September 25, 2020

Releases I'm Ready For, Fall 2020

One thing getting me through this year is good books, and the anticipation of more good books. I've been looking forward to reading these fall releases — and the wait is over for some of them, since the September books are already out.

TRANSCENDENT KINGDOM by Yaa Gyasi (September 1): Gyasi's debut, HOMEGOING, was an amazing epic covering centuries and generations of characters. Her new book is the much more intimate story of a family affected by addiction, mental illness, and loss, narrated by a scientist unsure how to square her work with her religious upbringing.

FIND LAYLA by Meg Elison (September 1): Back when I was enthusiastic about reading post-apocalyptic stories, I sank into Elison's THE BOOK OF THE UNNAMED MIDWIFE and the rest of the Road to Nowhere trilogy. FIND LAYLA is a refreshingly different genre of story, though still one with a character going through tough times, about a teen coping with family instability and online bullying.

TWELVE: POEMS INSPIRED BY THE BROTHERS GRIMM FAIRY TALE by Andrea Blythe (September 7): Andrea is a friend, but I don't think I'm being too biased in my enthusiasm for her writing. TWELVE is a small book of prose poems, beautifully produced by Interstellar Flight Press, that imagines what happens to The Twelve Dancing Princesses after the end of their fairy tale.

THE 99% INVISIBLE CITY: A FIELD GUIDE TO THE HIDDEN WORLD OF EVERYDAY DESIGN by Roman Mars and Kurt Kohlstedt (October 6): One of my favorite podcasts is 99% Invisible, which explores the design of objects, the built environment, and all kinds of topics we probably never even thought about. The book investigates the details of how cities work, and while I'm not sure if I'll read it straight through or dip in at random, I am excited to receive my copy.

LEAVE THE WORLD BEHIND by Rumaan Alam (October 6): The interpersonal dynamics in Alam's THAT KIND OF MOTHER were so good that I'm not going to put off reading his new book, even though it involves some sort of potentially civilization-shattering disaster. Two families who don't know each other are forced together in a remote house while something horrible seems to be happening in New York City, and nobody is sure who or what to trust.

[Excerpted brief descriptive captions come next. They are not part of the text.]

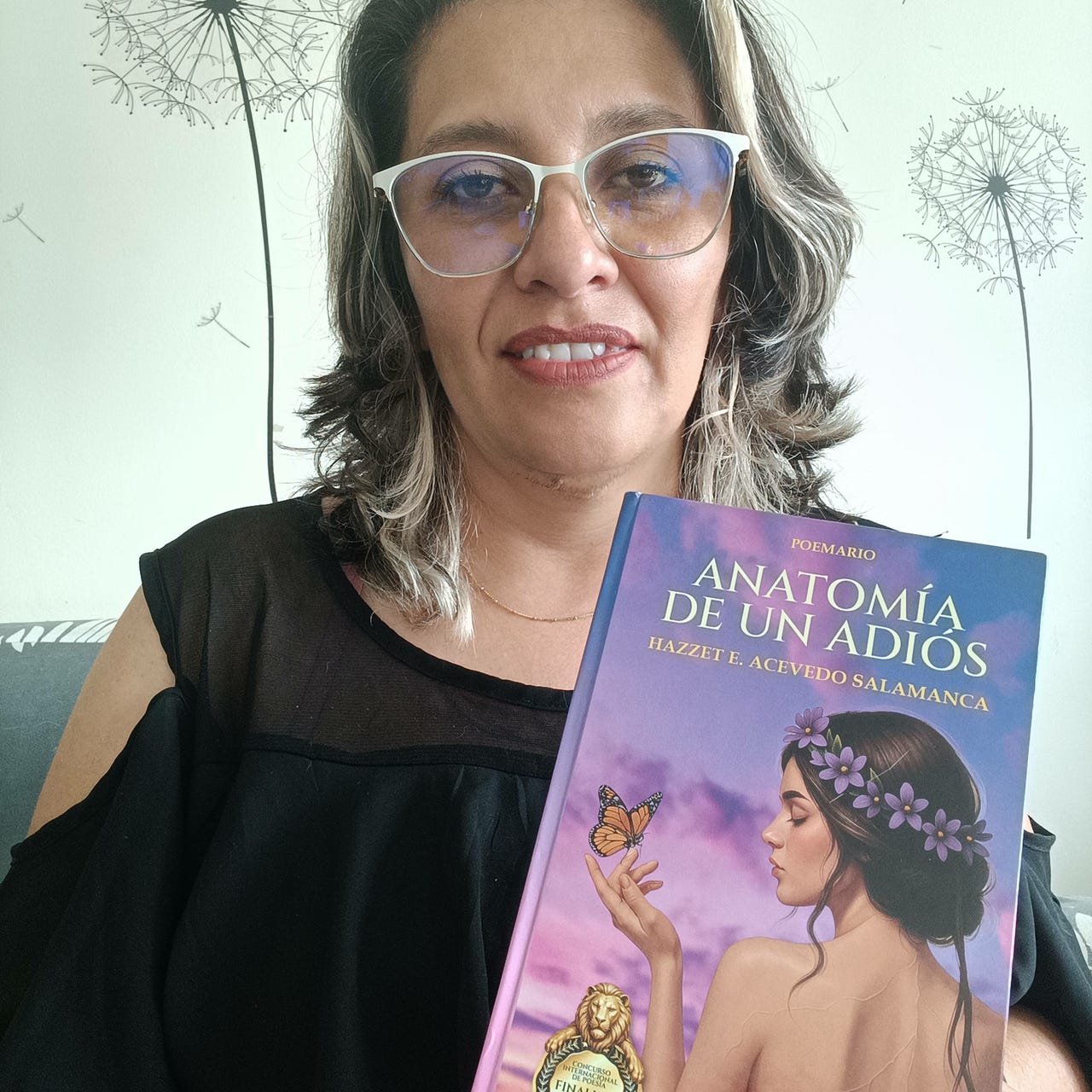 Hazzet E. Acevedo, escritora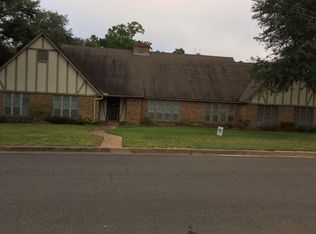 831 Willowcreek Dr, Jacksonville, TX 75766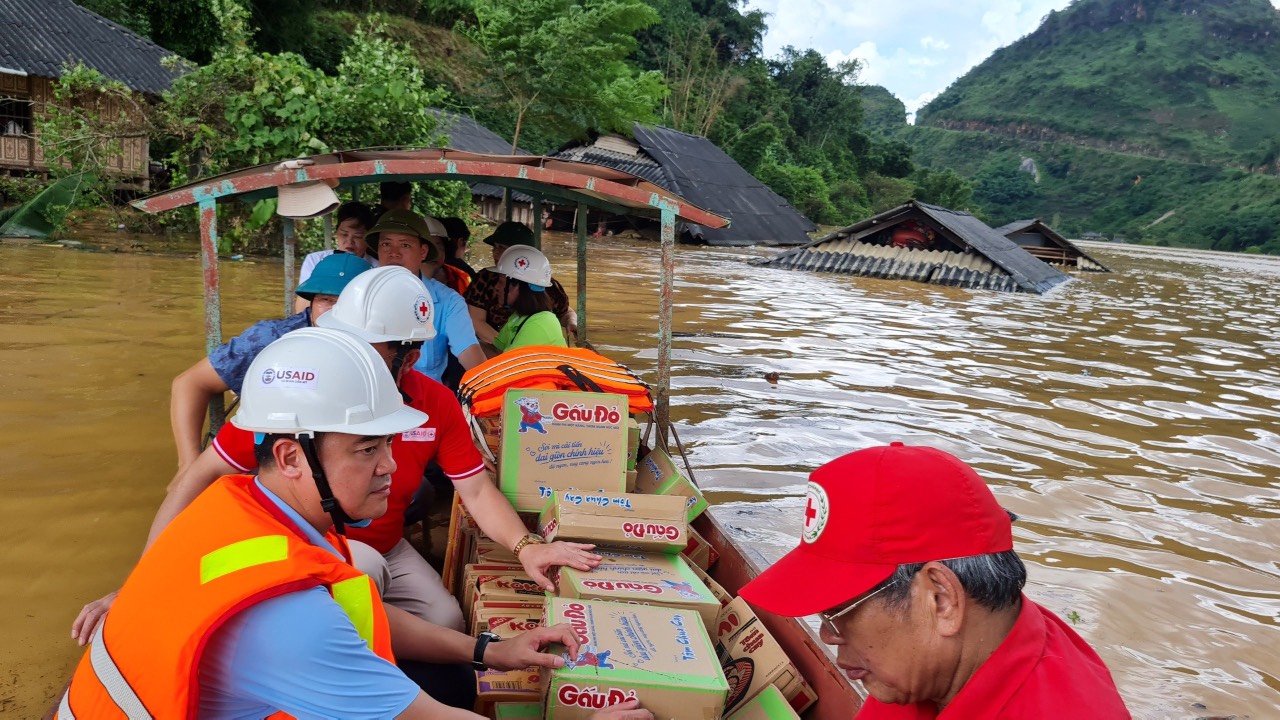 Trung ương Hội Chữ thập đỏ Việt Nam cứu trợ khẩn cấp nhân dân bị ảnh hưởng mưa lũ tại tỉnh Sơn La và Điện Biên - ảnh 3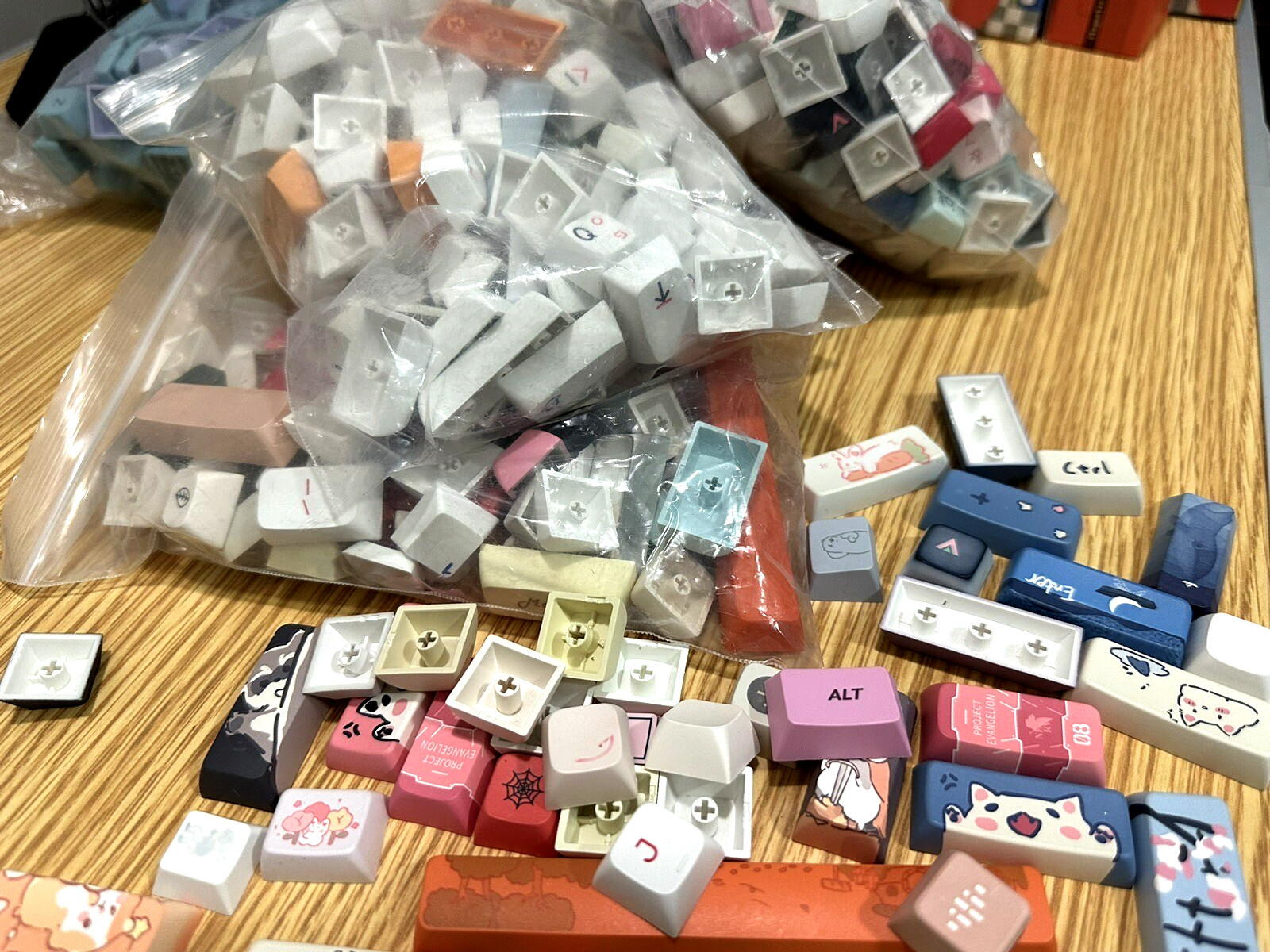 Keycaps Random 70+ Keys Kid Gift Computer Mechanic Keyboard No Blank Key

BLACK SUN by Rebecca Roanhorse (October 13): Roanhorse's work has received a lot of attention and awards, and I was intrigued by her new series after hearing her speak at WisCon's online convention. The Between Earth and Sky trilogy takes place in a fantasy world based on civilizations of the pre-Columbian Americas, and it promises celestial prophecies, power struggles, and great characters.

Good Stuff Out There:

→ At BBC Culture, Hephzibah Anderson pages through the first drafts of classic novels: "The manuscripts of literary works-in-progress fascinate on many levels, from the flush-faced thrill of spying on something intensely private and the visceral delight of knowing that a legendary author's hand rested on the paper before you, to the light that such early drafts shed on authorial methodology and intent. Sometimes, the very essence of what a writer is trying to express seems to hover tantalisingly in the gap between a word deleted and another added in its place."

→ David Lerner Schwartz writes for Literary Hub about Percival Everett's new novel, TELEPHONE, published in three slightly different versions: "Books of course contain multitudes in that they contain characters who, like us, are contradictory, complex, and human in worlds so close to (or far from) our own. But here, depending on the version you've received, you're getting a slightly different Zach, a slightly different story. In one version he's perhaps more reticent, another more daydreaming, another more at odds, but these differences seem overall negligible. Across the versions, they average out to the same man, the same-ish experience. But to be wise to Telephone's instantiations is to believe that perhaps somewhere else things might work out differently."